> [DATA SHOWN]
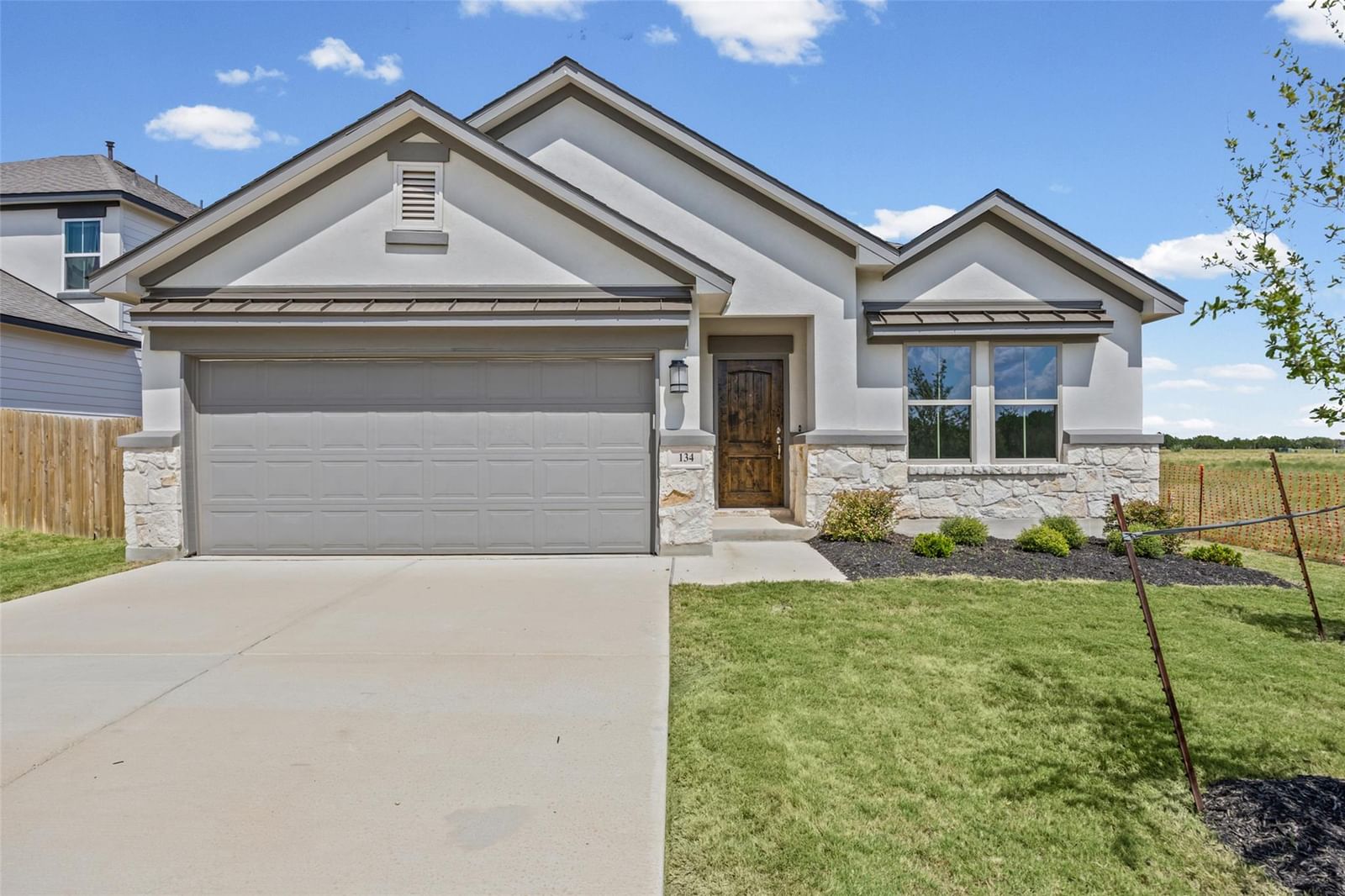 134 Arena DR - Photo 1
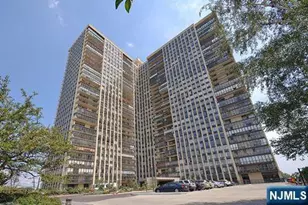 300 Winston Dr 2906, Cliffside Park, NJ 07010 - Photo 1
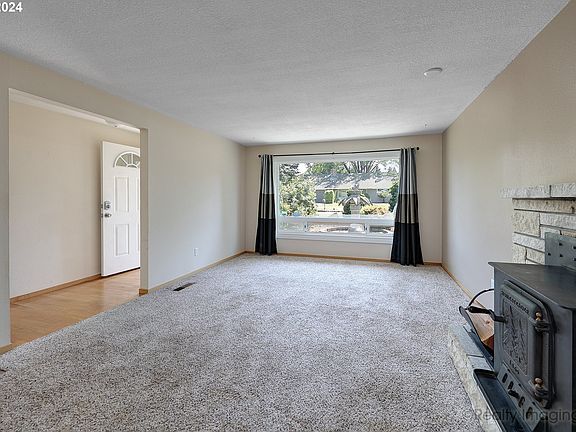 4th image of 5515 NE 46th Ave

> [TASK STATEMENT]
Give the listing above again in its entirety and exactly; do not include the pictures.

> [YOUR SOLUTION]
 134 Arena DR - Photo 1
 300 Winston Dr 2906, Cliffside Park, NJ 07010 - Photo 1
 4th image of 5515 NE 46th Ave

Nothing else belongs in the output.